Pressemeldung vom 22. August 2011, 13:31 Uhr

BAHNHOF WILHELMSHAVEN
Die kürzlich stattgefundene Veranstaltung „1 Jahr vor Eröffnung des
JadeWeserPorts“ am 05. August hat Oberbürgermeister Menzel genutzt, um den
Konzernbeauftragten der Deutschen Bahn AG für die Region Nord und die
Länder Bremen und Niedersachsen, Ulrich Bischoping, auf die langjährigen
Wilhelmshavener Bahn-Probleme anzusprechen.
Menzel hat in dem Gespräch die Zustände im Bahnhof in der Nordseepassage
verdeutlicht und dabei auch das Bahnumfeld nicht unerwähnt gelassen. Unter
Hinweis auf die unzähligen Gespräche mit den verschiedensten zuständigen
Stellen bei der Bahn beklagte er nicht nur die ungepflegten Zustände,
sondern auch die unübersichtlichen Strukturen, die sich als entscheidend
nachteilig erwiesen hätten, den Zustand in und um den Bahnhof herum zu
verbessern. Ulrich Bischoping sagte zu, mit den einzelnen Verantwortlichen
nach Wilhelmshaven zu kommen, um das Thema in größerer Runde zu besprechen
und Lösungen zu erarbeiten. OB Menzel warte derzeit darauf, dass dieser
anvisierte Termin nun schnellstens stattfinde.
Konkret habe Menzel gegenüber dem Konzernbeauftragten Bischoping den
Bahnübergang Metzer Weg angesprochen. Hier habe die Stadt seit Sommer 2004
vergeblich auf den desolaten Zustand des Bahnübergangs hingewiesen. Eine
Sanierung des Übergangs durch die Bahn wurde frühestens für das Jahr 2013
avisiert. Da sich der Zustand im Lauf der Zeit immer weiter
verschlechterte und die Situation für die den Übergang frequentierenden
Verkehrsteilnehmer damit immer gefährlicher geworden sei, gab es bereits
den Versuch, ob nicht die Stadt im Vorfeld der Aktivitäten der eigentlich
zuständigen DB tätig werden könne, um die Situation zu entschärfen.

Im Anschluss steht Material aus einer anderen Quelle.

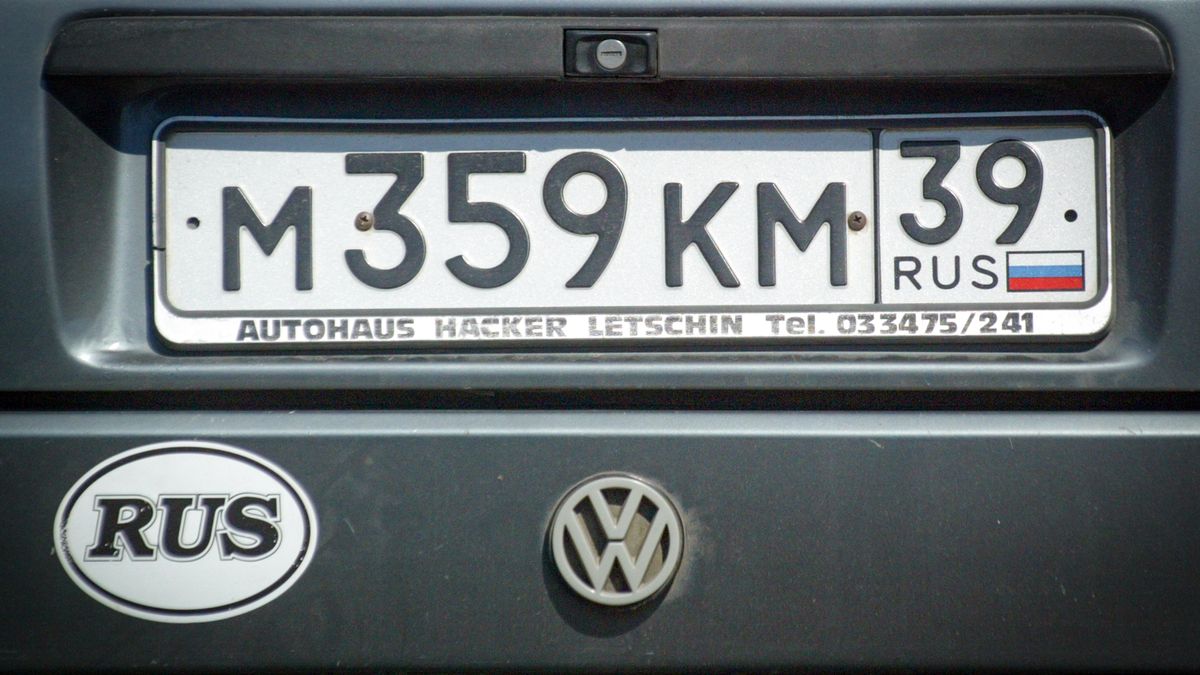 Samochody z rosyjskimi tablicami będą musiały zostać wywiezione z Finlandii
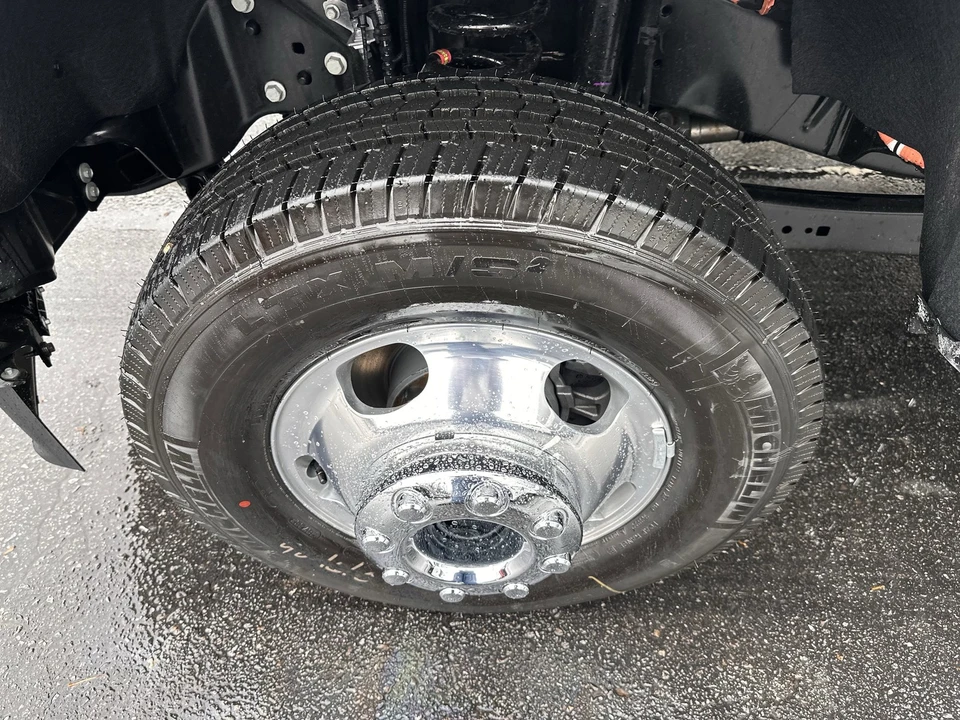 2026 Ford Super Duty 5th Gen - Image 25 of 27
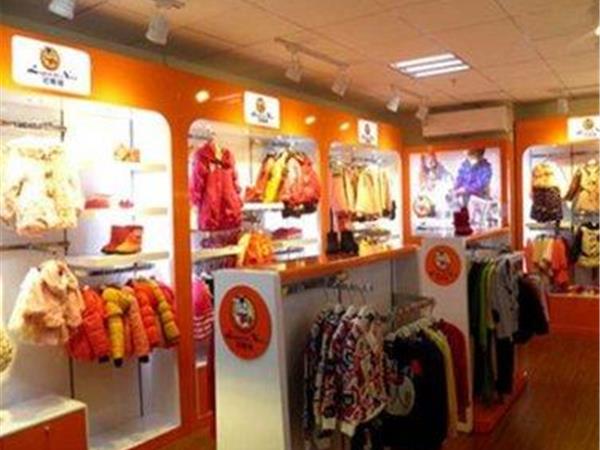尼斯兔童装店铺展示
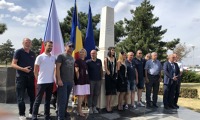 Společné foto u památníku CFRNA. Společné foto u památníku CFRNA.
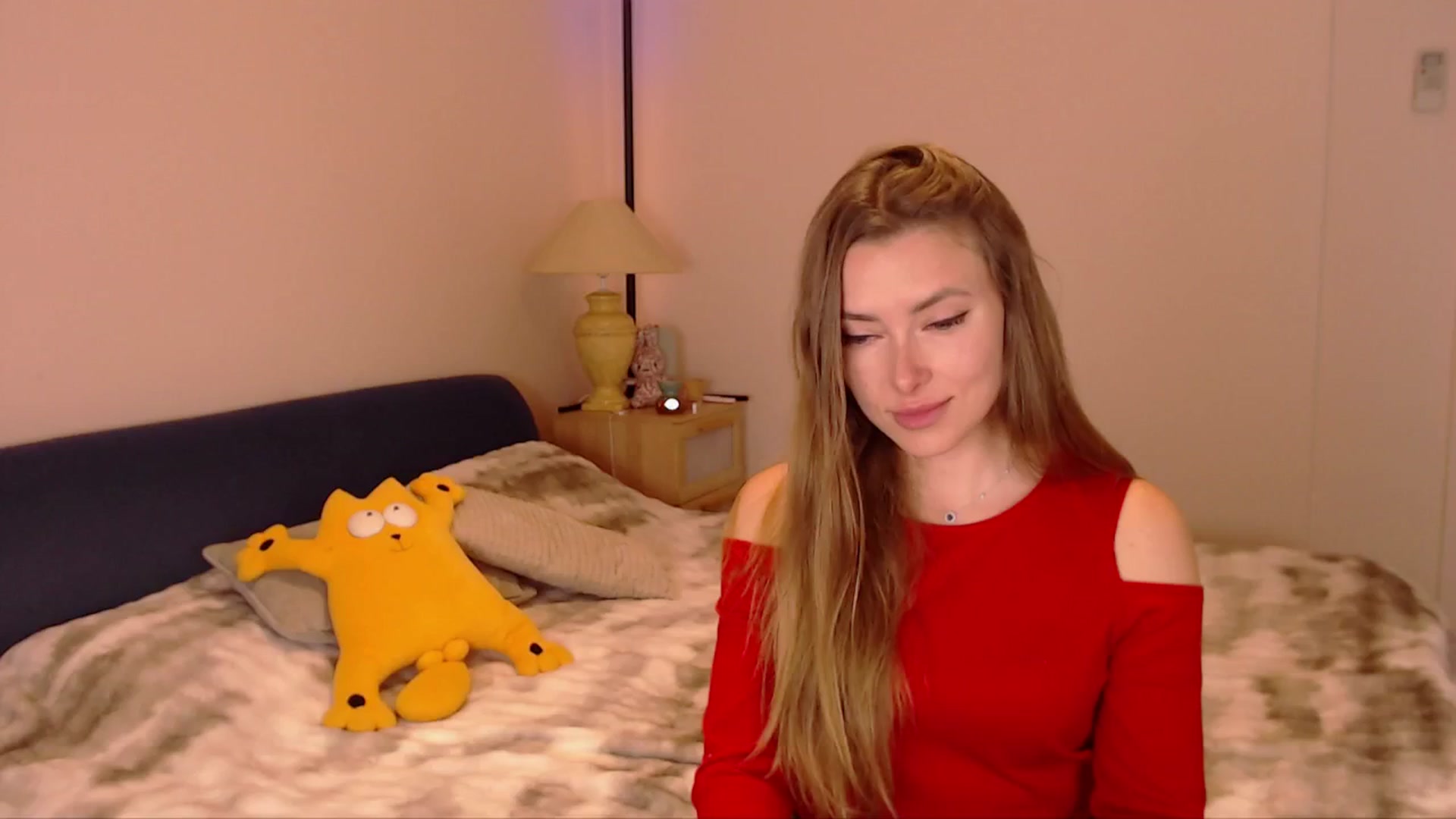 Gallery image thumbnail from SimonsWife's myfreecams stream on, 02/16/2026, 15:15 image 17 of 20
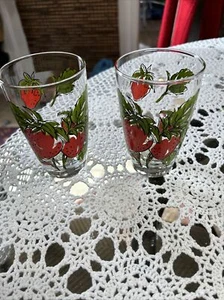 Libbey Juice Glasses with Strawberry Blossom Design Set of 2 Vintage - Picture 1 of 5
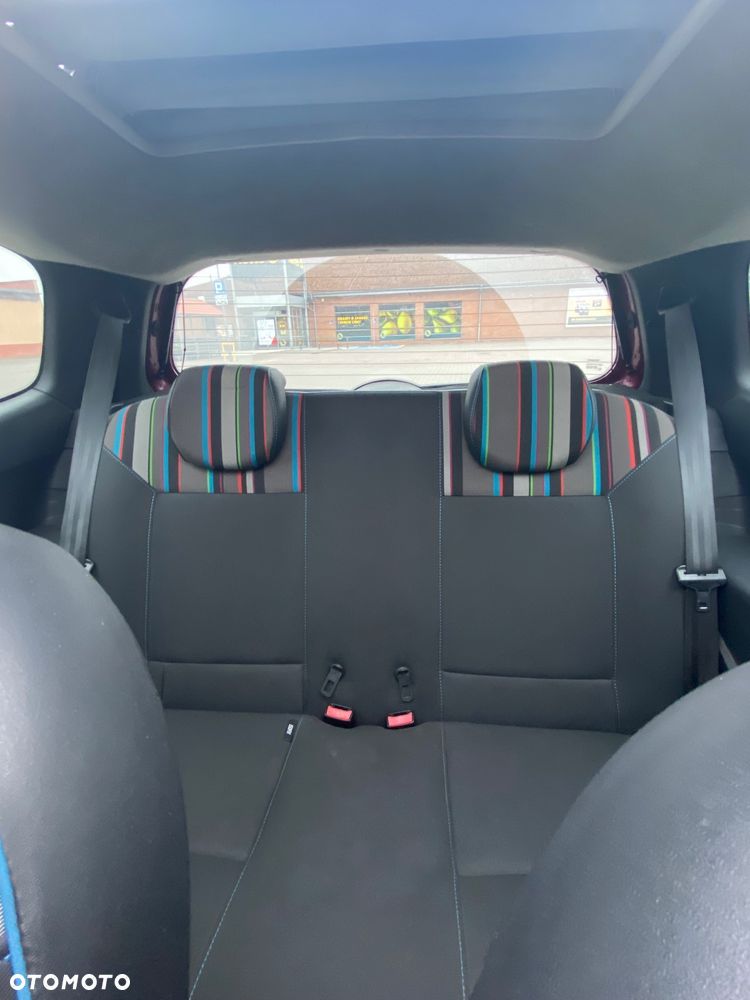 Renault Twingo 1.2 LEV 16V 75 eco2 - 12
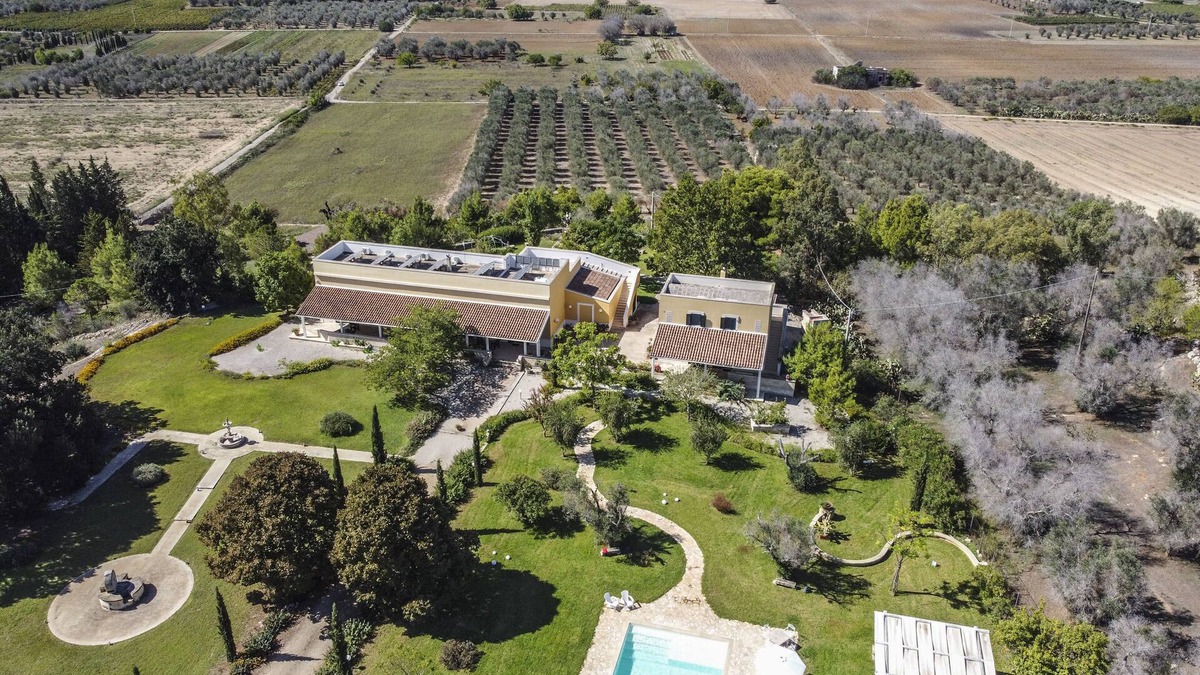 Trepuzzi Villa | Casine Belvedere: Villa with pool for exclusive use 12 km from the sea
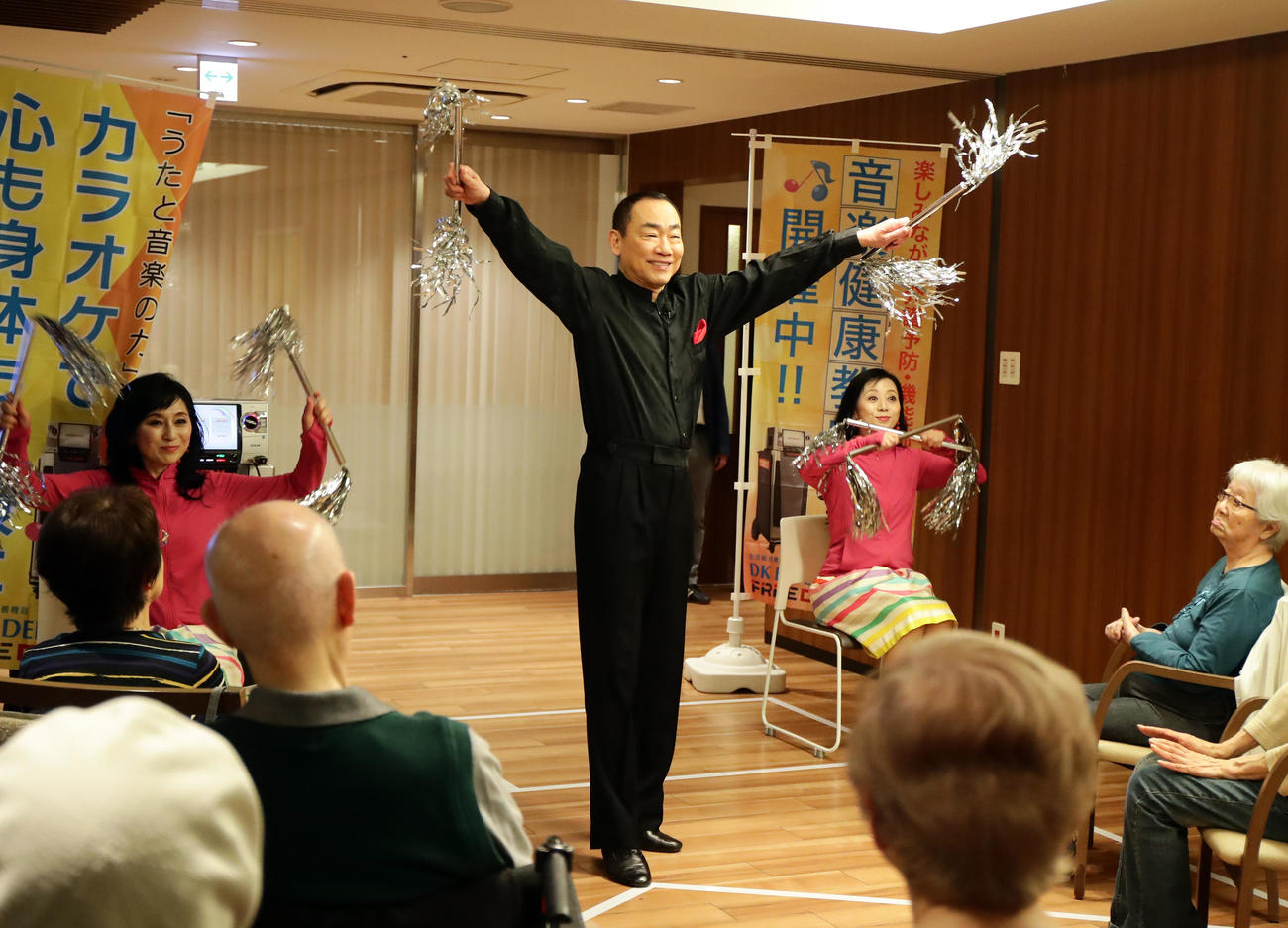 都内の高齢者施設でレッスンする真島茂樹さん（2019年4月撮影）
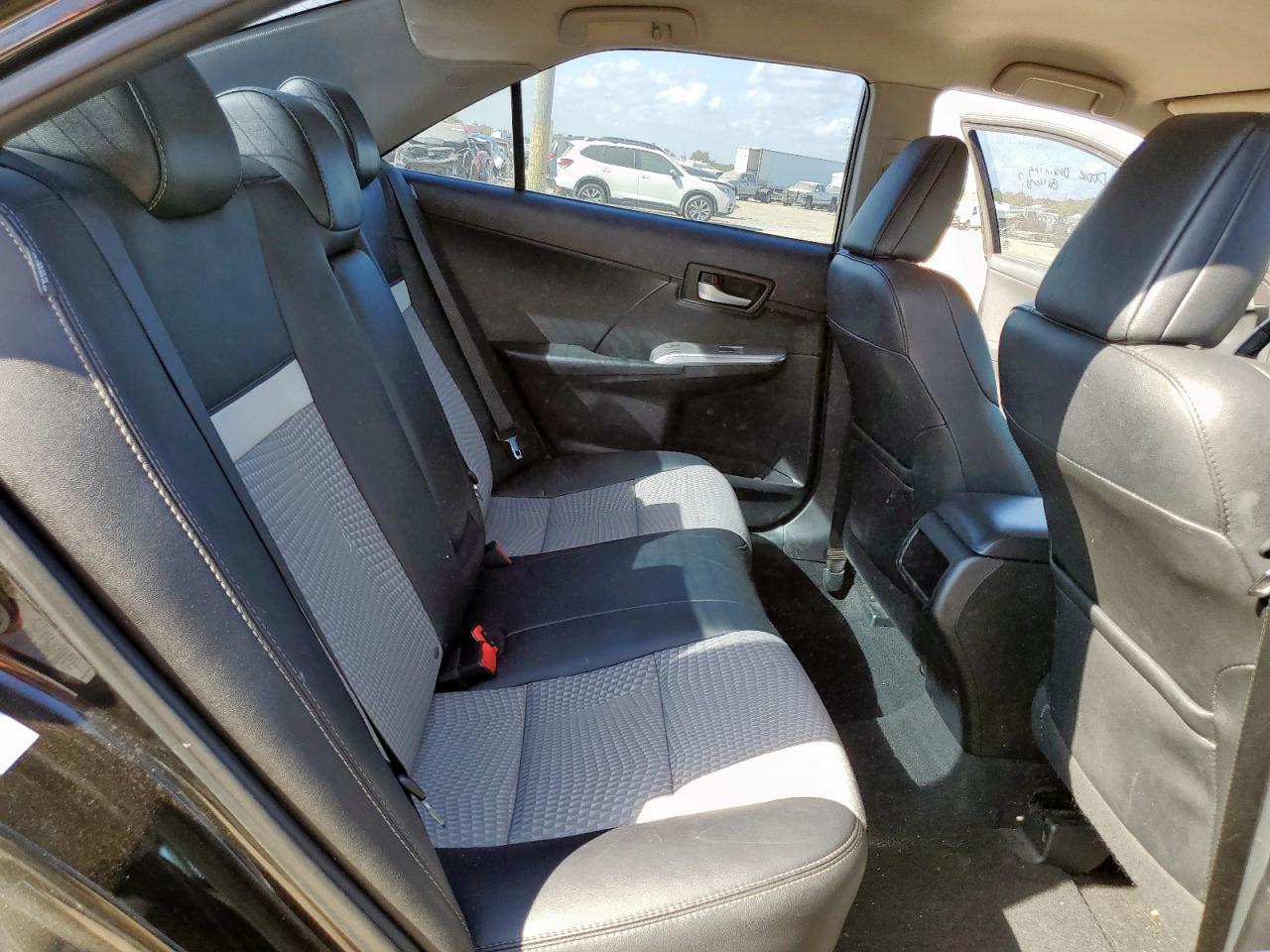 2014 TOYOTA CAMRY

Es
zeigte sich aber, dass die Stadt hier keinerlei Arbeiten durchführen darf,
dies sei allein der Bahn möglich.
Im Januar 2011 ergab sich dann die Möglichkeit, die Problematik mit dem
vor Ort zuständigen Sprecher der Bahn zu debattieren. Dieser teilte
schließlich mit, dass die Maßnahme um ein Jahr vorgezogen werde. Eine
schriftliche Bestätigung blieb bis heute aus, Nachfragen wurden nicht oder
ausweichend beantwortet.
Zur Thematik Hauptbahnhof Wilhelmshaven habe OB Menzel gegenüber dem
Konzernbeauftragten verdeutlicht, dass Wilhelmshaven mit über einer
Million Tagesbesuchern pro Jahr das wichtigste Tagesausflugsziel an der
niedersächsischen Nordseeküste sei. Viele Gäste reisten mit der Bahn aus
Osnabrück und Oldenburg an – auch zur Weiterfahrt nach Helgoland. Der
Hauptbahnhof stelle für Wilhelmshaven jedoch keine Visitenkarte dar, er
mute ungepflegt und verdreckt an und sei ohne jeglichen Service.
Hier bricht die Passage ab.